_Input records_
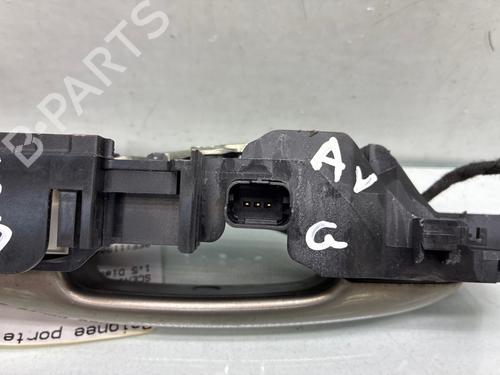 front-left-exterior-door-handle-renault-scenic-iii-jz01_-2008-2009-2010-2011-2012-2013-2014-2015-2016-38066162 main image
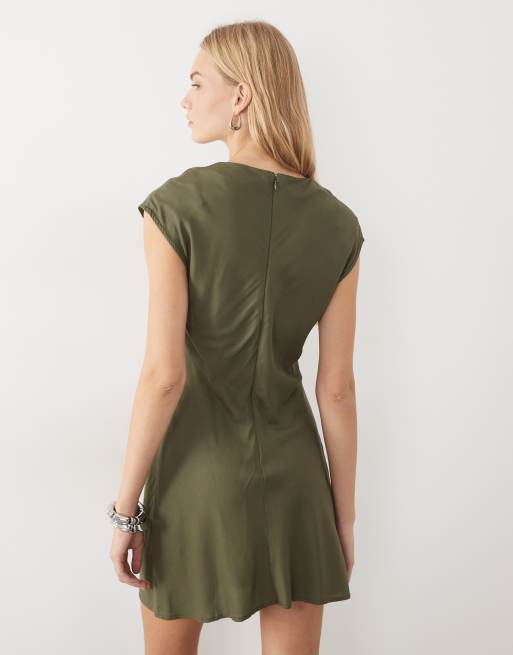 ASOS DESIGN klänning i skjortmodell med smock, ståkrage och blusärm i mörk khaki, 4 av 4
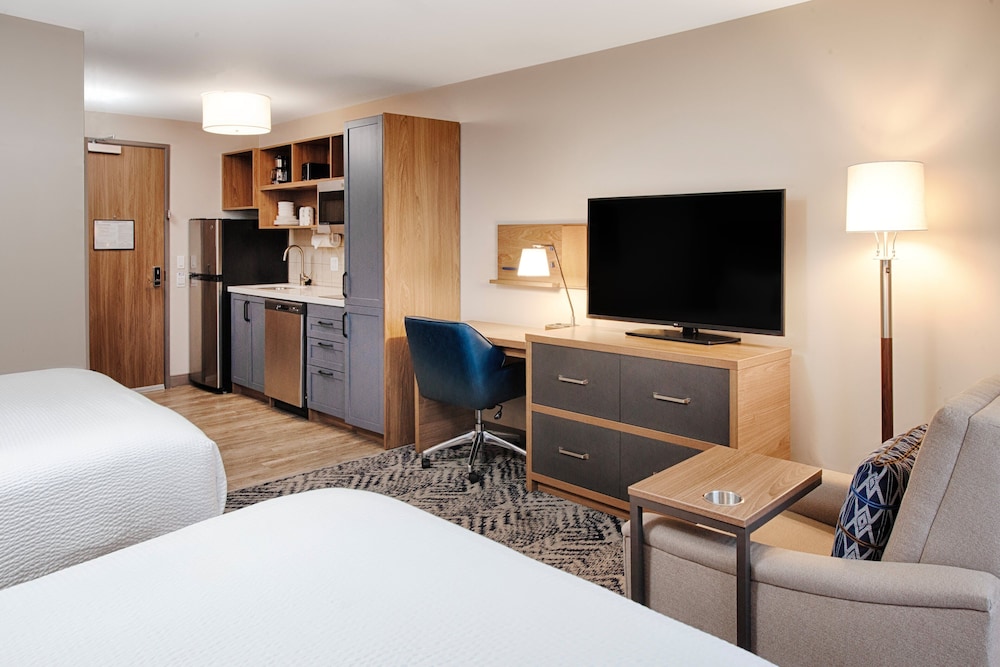Candlewood Suites Detroit Sterling Heights by IHG - photo 9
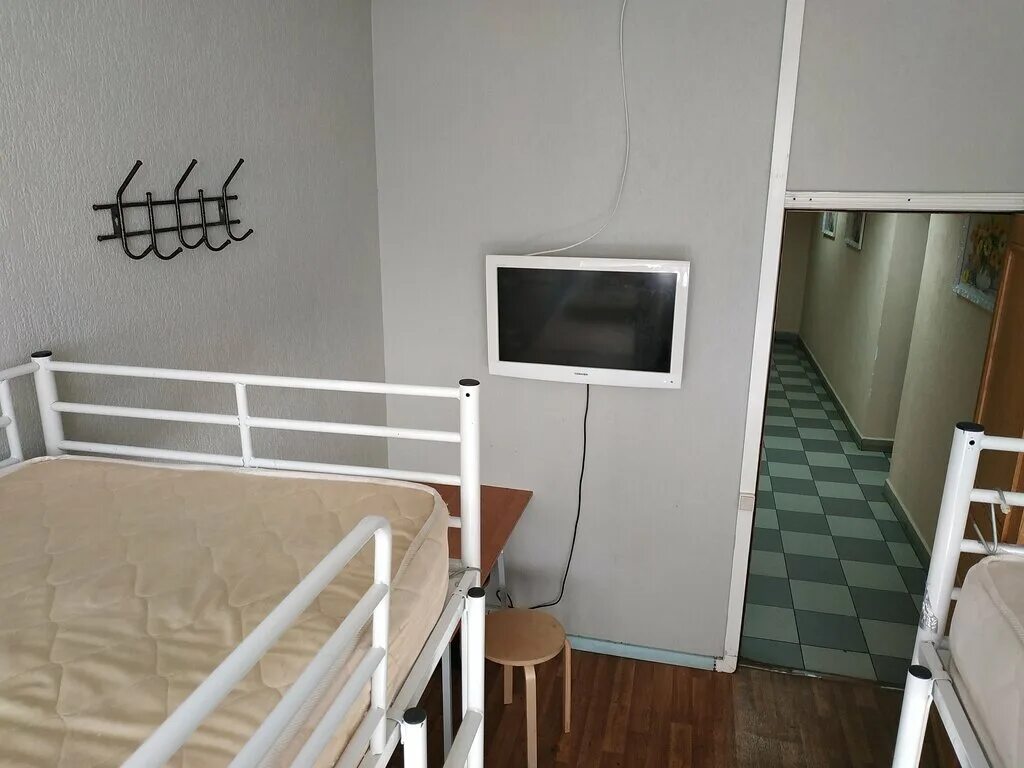 Сниму общежитие в ангарск. Хостелы в ангарске. Комната в общежитии обычная. Сниму общежитие в ангарск. Комната в общаге на 4 человека.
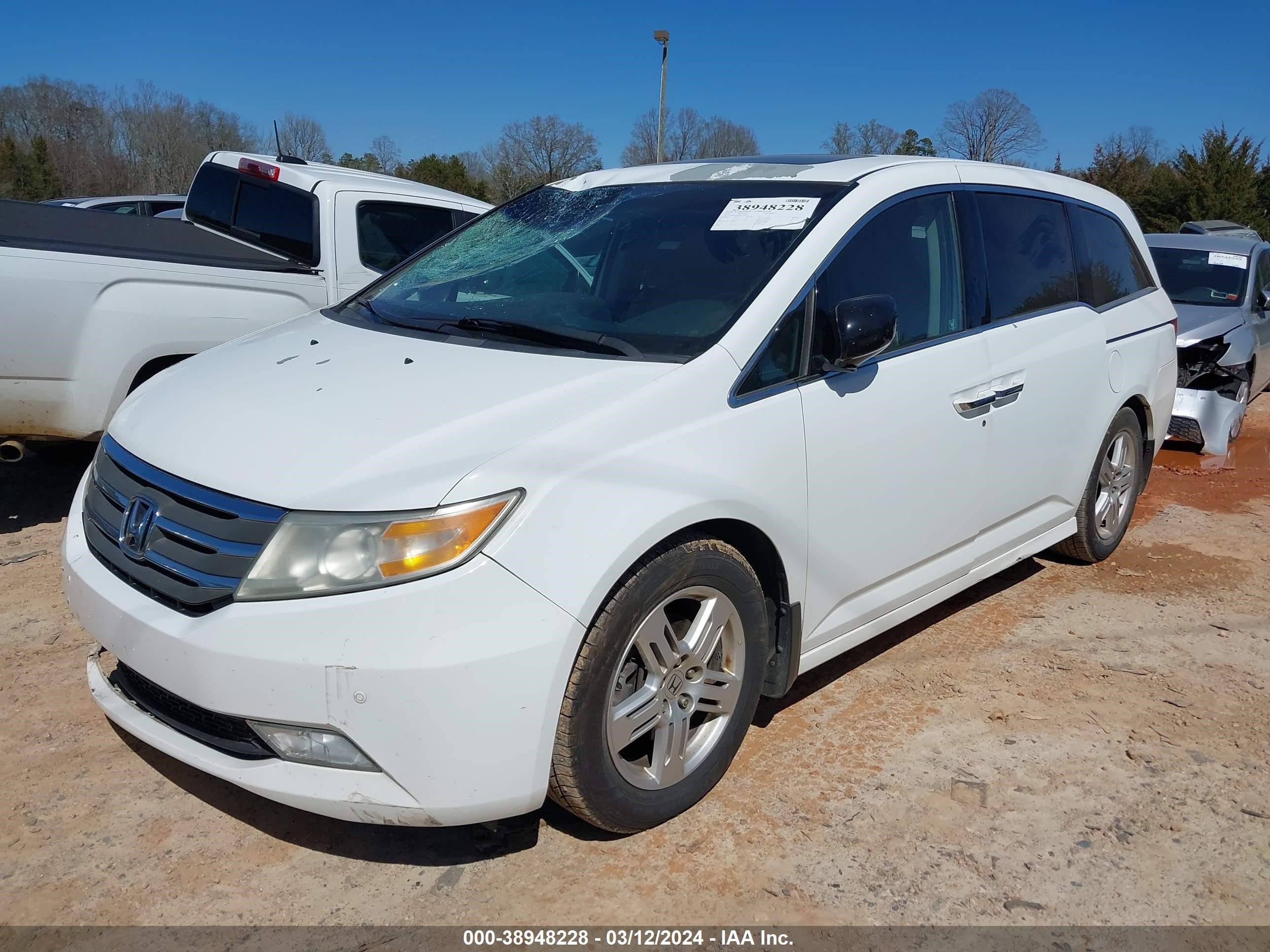 Photo 1 VIN: 5FNRL5H9XBB055493 - HONDA ODYSSEY 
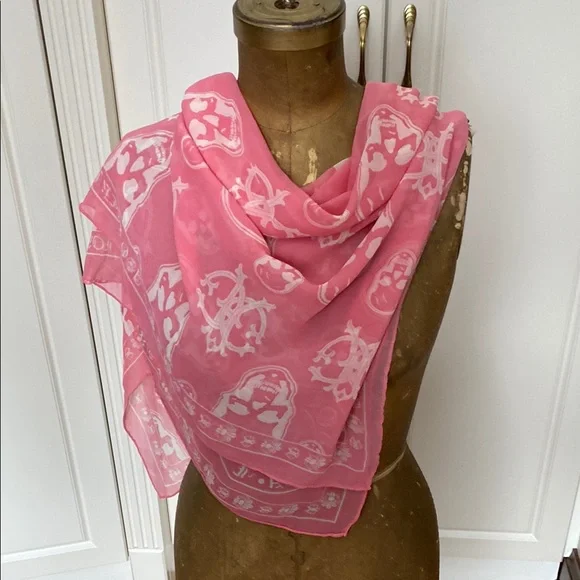 Alexander McQueen Pink Skull Scarf - Picture 4 of 7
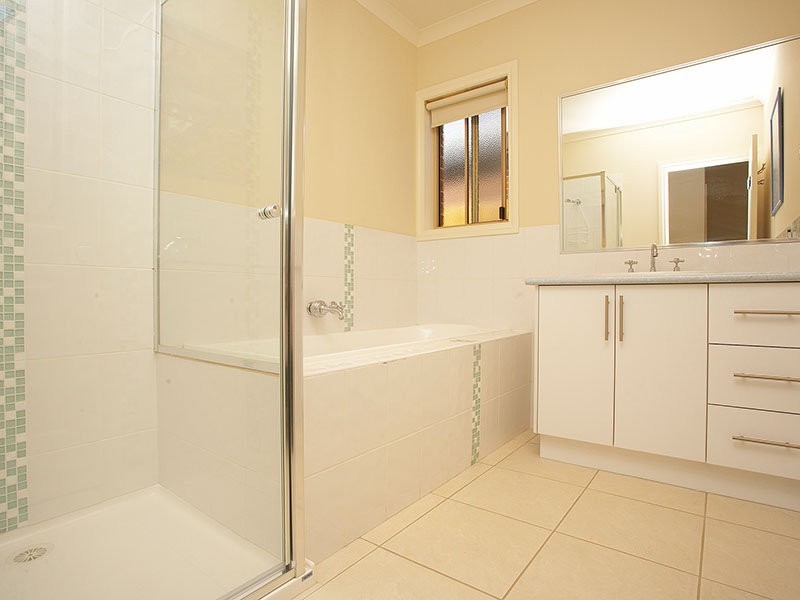 29 Carinya Crescent, South Morang VIC 3752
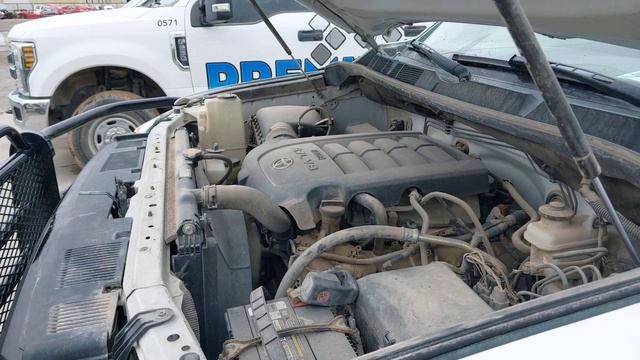 Toyota 3UR-FE 5.7L V8 32 Valve Gas Regular Unleaded 3UR-FE motor sound of 2014 Tundra 2Wd Truck... смотреть онлайн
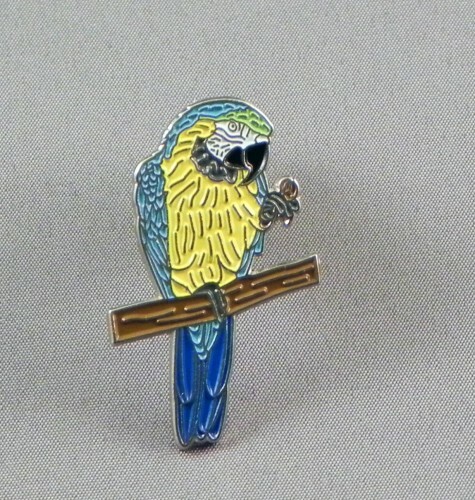 Macaw parrot bird enamel - parrot, pin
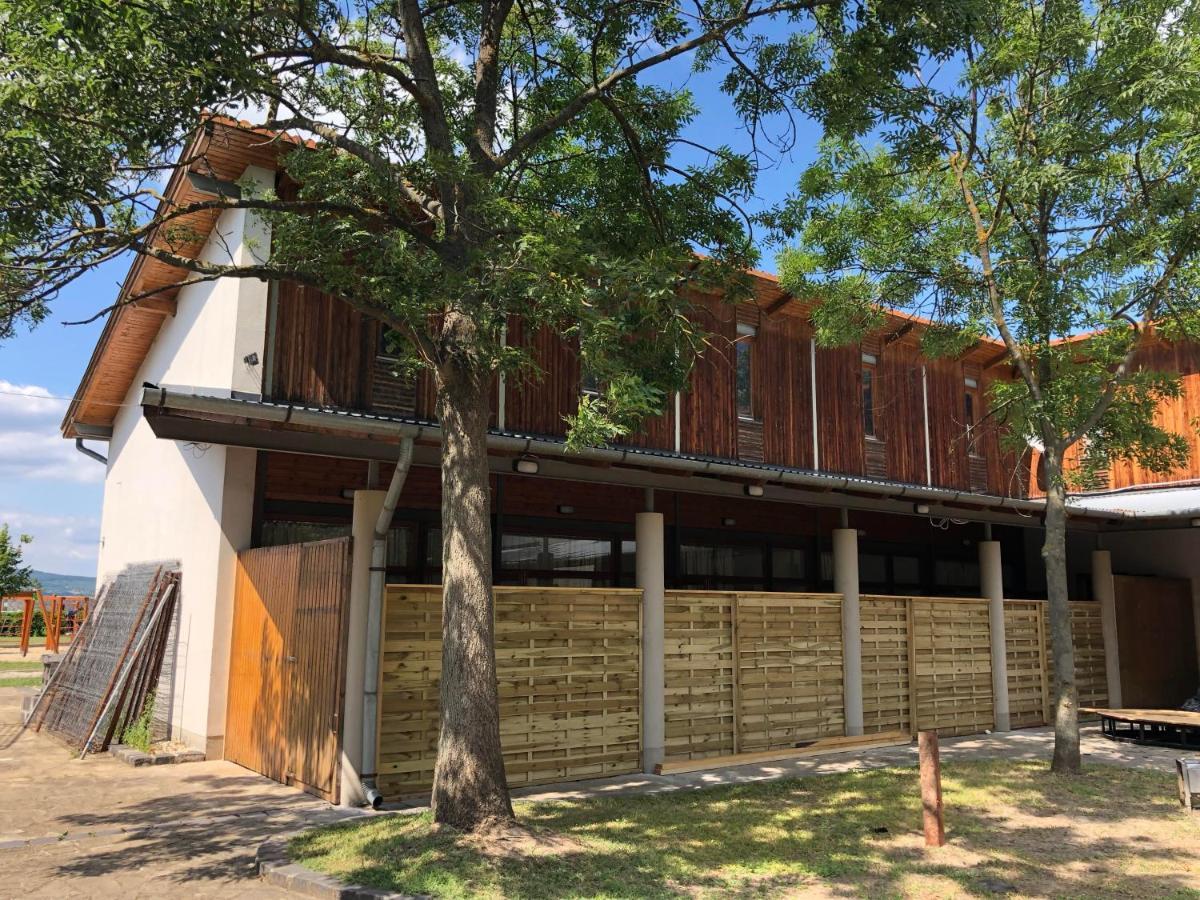 Beach Hostel Balatonboglár Exterior foto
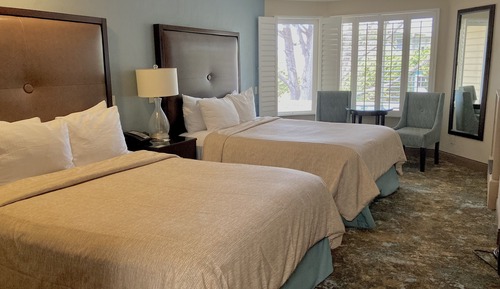 Deluxe Room, 2 Queen Beds (No Pets)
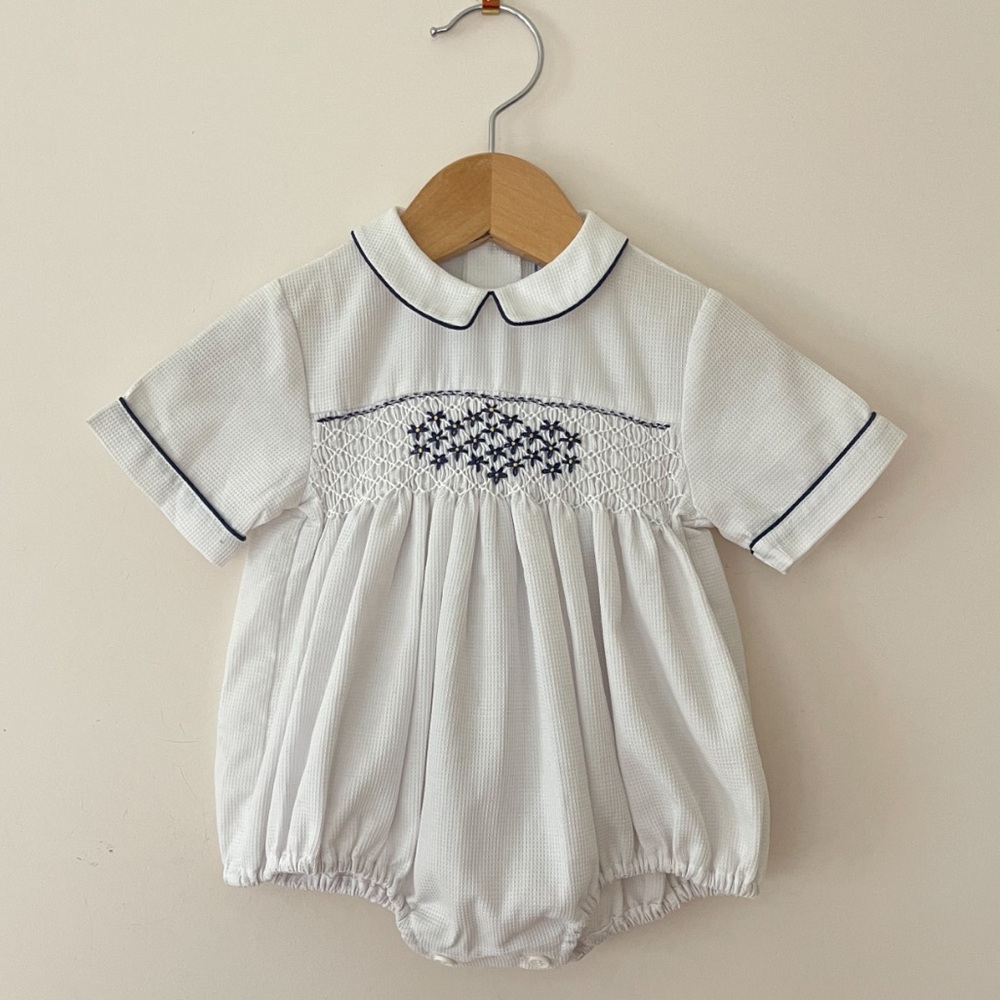 EUC Hand Smocked Heirloom Pique Peter Pan Collar Special Occassion Bubble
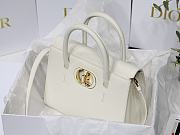 Dior Honoré Handbag In White M8012 - 5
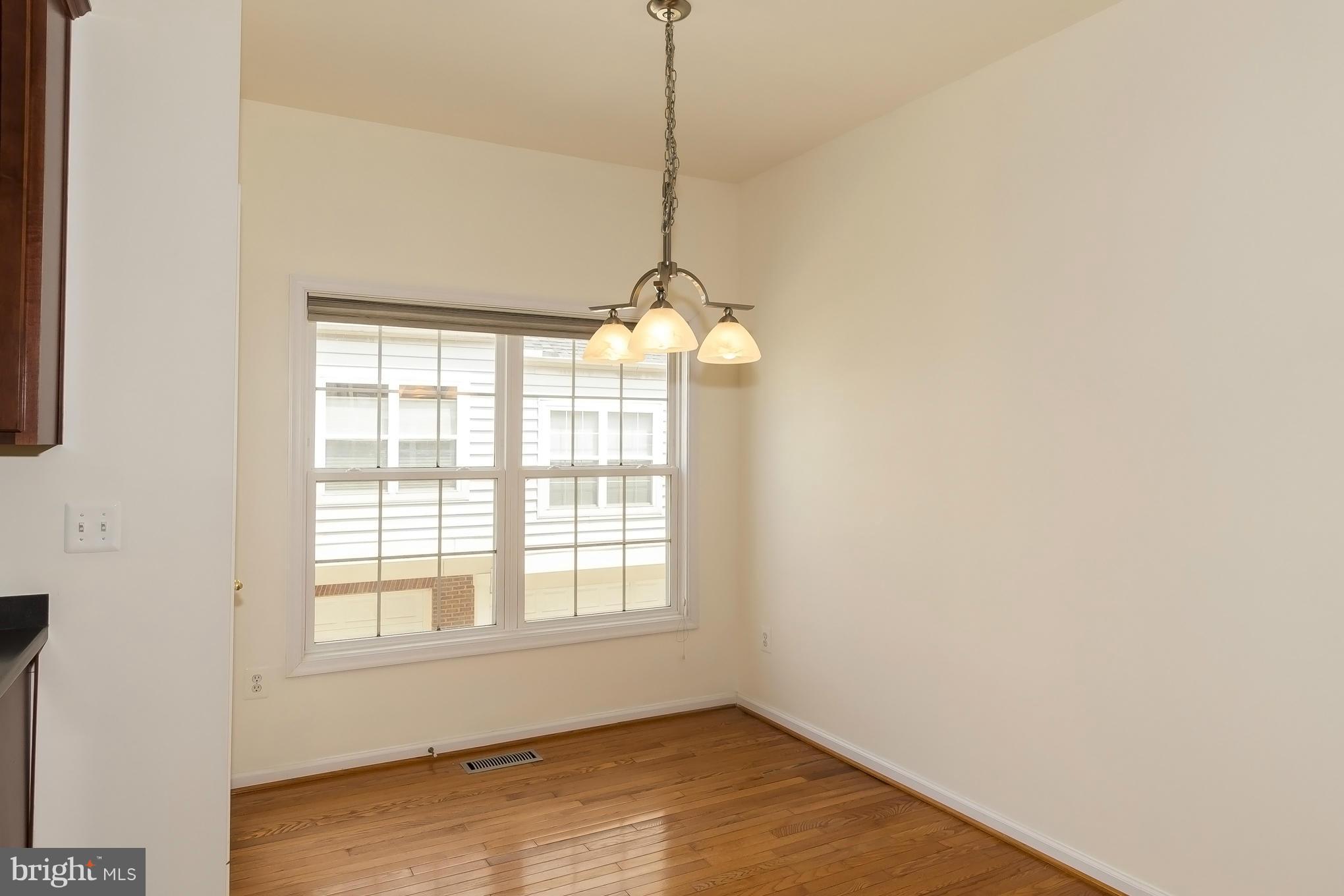10256 Rutland Round Road, Unit 14 Columbia, MD 21044 - Photo 11 of 27 BREAKFAST AREA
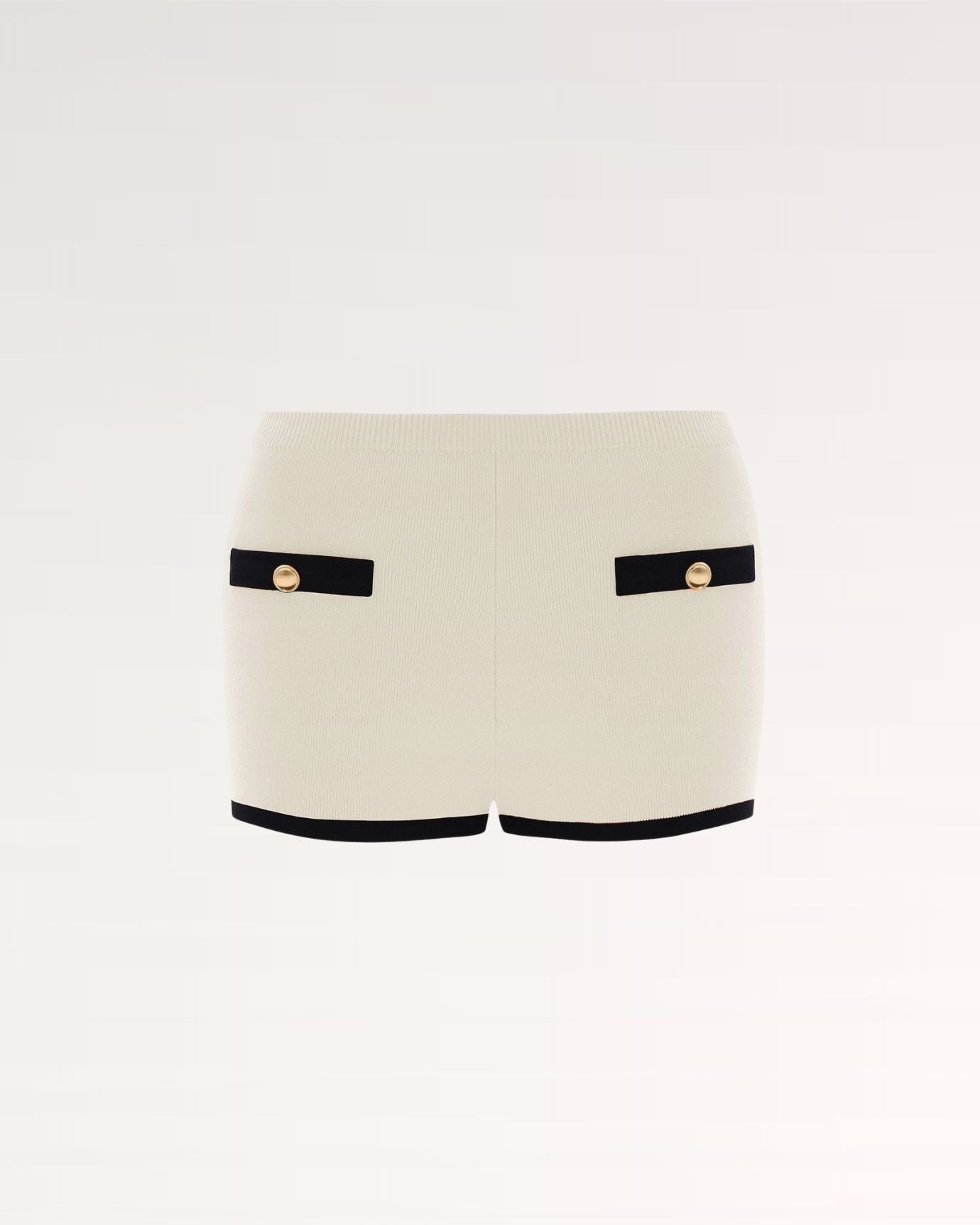 Comfortable shorts with neat side pockets paired with button-down shirt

_Exercise details_
Only one thing is required: an exact printout of the lines from the line containing "Alexander McQueen Pink" through the last line of the records, pictures excluded.

_Finished task_
 Alexander McQueen Pink Skull Scarf - Picture 4 of 7
 29 Carinya Crescent, South Morang VIC 3752
 Toyota 3UR-FE 5.7L V8 32 Valve Gas Regular Unleaded 3UR-FE motor sound of 2014 Tundra 2Wd Truck... смотреть онлайн
 Macaw parrot bird enamel - parrot, pin
 Beach Hostel Balatonboglár Exterior foto
 Deluxe Room, 2 Queen Beds (No Pets)
 EUC Hand Smocked Heirloom Pique Peter Pan Collar Special Occassion Bubble
 Dior Honoré Handbag In White M8012 - 5
10256 Rutland Round Road, Unit 14 Columbia, MD 21044 - Photo 11 of 27 BREAKFAST AREA
 Comfortable shorts with neat side pockets paired with button-down shirt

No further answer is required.